* **Your task**
Write out every line below that includes the word "Luxury".

START Given information

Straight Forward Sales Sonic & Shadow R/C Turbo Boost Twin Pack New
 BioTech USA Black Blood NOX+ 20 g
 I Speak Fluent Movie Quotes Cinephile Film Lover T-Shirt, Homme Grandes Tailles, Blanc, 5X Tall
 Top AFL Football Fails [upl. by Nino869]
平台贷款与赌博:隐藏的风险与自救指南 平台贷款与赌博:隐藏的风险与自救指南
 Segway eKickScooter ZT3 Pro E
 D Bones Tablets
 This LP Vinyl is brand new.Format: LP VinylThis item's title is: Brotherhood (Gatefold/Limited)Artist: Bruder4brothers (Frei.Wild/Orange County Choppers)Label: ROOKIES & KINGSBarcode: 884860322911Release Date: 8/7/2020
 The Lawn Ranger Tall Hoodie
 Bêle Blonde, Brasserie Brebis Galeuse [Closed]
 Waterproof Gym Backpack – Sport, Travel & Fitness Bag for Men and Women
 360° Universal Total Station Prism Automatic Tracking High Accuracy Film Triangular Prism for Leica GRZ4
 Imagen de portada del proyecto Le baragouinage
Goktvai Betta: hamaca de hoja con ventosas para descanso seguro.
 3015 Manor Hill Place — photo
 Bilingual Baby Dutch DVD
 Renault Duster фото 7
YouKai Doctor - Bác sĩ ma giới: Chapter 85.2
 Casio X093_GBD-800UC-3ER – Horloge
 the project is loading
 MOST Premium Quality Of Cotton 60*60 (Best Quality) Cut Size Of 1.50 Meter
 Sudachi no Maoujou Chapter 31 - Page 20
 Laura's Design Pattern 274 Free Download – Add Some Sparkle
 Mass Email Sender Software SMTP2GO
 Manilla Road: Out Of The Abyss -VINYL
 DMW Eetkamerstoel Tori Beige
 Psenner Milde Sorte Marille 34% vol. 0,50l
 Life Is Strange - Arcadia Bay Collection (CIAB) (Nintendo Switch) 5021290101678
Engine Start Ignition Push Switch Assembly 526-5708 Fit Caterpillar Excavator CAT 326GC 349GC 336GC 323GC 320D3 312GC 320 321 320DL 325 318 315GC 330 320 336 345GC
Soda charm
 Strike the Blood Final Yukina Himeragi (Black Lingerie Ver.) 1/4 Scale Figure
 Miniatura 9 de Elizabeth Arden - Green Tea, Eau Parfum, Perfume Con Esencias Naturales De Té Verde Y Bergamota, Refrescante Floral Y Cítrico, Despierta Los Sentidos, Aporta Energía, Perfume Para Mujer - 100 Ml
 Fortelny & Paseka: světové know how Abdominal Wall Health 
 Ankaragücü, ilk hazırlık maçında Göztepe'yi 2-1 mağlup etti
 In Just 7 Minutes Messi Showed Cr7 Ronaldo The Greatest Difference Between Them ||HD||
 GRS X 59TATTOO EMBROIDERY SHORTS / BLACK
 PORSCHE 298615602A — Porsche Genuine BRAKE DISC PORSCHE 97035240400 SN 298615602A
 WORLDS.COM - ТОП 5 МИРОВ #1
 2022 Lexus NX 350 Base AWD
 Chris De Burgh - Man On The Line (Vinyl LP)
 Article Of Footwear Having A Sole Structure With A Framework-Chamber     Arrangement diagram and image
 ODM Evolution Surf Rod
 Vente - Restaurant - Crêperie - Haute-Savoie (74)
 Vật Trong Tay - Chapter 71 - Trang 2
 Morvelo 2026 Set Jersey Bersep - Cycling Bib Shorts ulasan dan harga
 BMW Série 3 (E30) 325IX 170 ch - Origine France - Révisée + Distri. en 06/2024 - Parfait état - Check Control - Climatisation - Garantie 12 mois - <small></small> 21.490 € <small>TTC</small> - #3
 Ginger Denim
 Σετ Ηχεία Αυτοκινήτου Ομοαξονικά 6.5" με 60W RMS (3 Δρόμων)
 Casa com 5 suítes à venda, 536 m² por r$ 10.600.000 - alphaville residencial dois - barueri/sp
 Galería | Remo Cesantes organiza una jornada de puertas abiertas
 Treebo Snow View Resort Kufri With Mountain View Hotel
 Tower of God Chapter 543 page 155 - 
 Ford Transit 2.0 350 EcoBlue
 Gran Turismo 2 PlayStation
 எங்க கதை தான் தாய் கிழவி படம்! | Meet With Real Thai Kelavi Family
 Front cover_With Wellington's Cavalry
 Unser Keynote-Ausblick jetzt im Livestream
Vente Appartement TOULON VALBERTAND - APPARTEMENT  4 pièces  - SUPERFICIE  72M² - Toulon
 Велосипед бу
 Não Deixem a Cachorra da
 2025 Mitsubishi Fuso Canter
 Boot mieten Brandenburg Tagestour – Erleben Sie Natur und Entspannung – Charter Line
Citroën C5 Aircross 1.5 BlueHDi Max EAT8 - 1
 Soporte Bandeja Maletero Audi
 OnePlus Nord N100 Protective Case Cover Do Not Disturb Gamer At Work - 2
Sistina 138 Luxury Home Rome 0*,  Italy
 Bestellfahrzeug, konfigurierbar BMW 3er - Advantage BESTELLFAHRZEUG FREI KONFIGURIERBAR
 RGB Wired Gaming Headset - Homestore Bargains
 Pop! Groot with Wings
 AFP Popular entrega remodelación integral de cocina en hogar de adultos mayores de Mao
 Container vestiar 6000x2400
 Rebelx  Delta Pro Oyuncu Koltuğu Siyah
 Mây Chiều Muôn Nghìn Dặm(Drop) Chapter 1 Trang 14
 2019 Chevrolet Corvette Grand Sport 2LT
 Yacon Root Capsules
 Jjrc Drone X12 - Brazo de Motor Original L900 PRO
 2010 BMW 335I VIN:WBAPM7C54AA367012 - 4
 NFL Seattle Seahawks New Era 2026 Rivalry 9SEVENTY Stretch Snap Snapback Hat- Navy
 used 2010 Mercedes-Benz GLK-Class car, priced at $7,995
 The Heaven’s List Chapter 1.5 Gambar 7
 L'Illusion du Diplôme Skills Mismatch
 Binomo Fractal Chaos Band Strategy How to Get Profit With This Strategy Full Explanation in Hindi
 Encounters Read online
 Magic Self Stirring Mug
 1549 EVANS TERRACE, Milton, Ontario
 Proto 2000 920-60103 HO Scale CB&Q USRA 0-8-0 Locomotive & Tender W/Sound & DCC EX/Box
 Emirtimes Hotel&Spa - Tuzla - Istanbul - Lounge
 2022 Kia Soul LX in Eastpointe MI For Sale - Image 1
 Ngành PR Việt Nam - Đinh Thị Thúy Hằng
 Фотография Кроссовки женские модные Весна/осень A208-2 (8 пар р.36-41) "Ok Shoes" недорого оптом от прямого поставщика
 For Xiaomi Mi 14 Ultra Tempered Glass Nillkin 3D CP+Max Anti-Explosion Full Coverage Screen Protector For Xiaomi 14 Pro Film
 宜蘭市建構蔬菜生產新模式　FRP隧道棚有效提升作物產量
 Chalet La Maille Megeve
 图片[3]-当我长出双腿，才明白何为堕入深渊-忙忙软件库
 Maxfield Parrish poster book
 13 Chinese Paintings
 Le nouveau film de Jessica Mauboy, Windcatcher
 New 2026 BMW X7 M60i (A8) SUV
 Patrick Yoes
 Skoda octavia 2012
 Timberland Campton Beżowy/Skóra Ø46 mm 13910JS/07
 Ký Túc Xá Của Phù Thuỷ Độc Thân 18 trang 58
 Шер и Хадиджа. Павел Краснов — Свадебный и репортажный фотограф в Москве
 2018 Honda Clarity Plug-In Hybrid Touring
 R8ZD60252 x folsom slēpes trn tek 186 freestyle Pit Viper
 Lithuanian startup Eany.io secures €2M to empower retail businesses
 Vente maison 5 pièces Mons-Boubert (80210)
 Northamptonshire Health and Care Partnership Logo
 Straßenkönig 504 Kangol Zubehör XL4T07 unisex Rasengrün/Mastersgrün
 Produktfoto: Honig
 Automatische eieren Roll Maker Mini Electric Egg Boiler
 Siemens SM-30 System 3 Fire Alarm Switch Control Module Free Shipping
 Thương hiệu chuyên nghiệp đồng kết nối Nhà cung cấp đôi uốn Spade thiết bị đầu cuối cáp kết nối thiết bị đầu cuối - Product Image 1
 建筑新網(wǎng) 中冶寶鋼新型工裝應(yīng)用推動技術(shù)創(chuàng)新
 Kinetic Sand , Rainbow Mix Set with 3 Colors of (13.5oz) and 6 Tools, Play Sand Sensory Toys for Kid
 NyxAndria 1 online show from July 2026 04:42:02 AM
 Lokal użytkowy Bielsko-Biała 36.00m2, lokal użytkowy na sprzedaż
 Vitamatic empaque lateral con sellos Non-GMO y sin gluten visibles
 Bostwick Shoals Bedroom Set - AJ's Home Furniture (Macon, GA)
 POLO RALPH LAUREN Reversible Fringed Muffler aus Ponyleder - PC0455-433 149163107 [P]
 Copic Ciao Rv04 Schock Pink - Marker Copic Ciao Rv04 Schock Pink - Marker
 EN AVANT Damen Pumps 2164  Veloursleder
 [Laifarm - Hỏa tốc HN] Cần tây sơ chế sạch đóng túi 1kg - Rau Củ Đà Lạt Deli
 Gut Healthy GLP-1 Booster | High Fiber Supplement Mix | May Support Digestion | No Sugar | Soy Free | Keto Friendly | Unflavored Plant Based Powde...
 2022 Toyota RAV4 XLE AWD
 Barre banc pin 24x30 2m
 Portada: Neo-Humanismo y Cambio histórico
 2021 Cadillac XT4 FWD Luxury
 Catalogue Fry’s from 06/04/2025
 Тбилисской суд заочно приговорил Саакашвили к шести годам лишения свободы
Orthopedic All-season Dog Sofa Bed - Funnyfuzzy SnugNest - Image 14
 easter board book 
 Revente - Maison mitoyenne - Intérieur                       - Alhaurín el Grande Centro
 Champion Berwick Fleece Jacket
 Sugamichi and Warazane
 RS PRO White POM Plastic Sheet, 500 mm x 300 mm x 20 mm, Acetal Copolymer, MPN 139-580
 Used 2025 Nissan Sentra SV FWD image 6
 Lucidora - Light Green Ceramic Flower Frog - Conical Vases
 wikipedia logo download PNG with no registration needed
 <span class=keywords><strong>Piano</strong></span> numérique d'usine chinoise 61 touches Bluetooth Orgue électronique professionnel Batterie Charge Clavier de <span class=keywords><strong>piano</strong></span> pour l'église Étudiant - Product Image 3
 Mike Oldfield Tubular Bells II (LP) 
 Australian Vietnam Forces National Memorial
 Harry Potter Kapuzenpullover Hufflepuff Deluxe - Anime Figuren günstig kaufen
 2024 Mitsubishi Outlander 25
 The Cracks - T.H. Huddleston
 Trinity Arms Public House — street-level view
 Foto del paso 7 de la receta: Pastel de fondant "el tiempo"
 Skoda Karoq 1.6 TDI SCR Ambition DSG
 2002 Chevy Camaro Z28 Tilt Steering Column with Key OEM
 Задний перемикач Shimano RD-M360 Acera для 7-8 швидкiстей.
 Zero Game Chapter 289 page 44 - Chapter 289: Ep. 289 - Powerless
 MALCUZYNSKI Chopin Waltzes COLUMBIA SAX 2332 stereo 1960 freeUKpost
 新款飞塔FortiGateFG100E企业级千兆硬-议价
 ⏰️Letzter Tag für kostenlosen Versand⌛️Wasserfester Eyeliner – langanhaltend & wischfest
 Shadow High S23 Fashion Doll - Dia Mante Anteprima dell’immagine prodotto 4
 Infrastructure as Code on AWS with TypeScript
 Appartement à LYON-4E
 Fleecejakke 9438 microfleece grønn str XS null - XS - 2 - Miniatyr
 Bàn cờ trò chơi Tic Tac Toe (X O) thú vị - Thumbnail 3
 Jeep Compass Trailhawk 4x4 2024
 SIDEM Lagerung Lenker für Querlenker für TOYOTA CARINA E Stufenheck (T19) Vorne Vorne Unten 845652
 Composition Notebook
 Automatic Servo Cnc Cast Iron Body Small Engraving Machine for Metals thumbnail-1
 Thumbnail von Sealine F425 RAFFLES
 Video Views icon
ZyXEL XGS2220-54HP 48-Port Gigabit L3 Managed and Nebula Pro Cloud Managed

END Given information

* **Exercise output**
Sistina 138 Luxury Home Rome 0*,  Italy
 2021 Cadillac XT4 FWD Luxury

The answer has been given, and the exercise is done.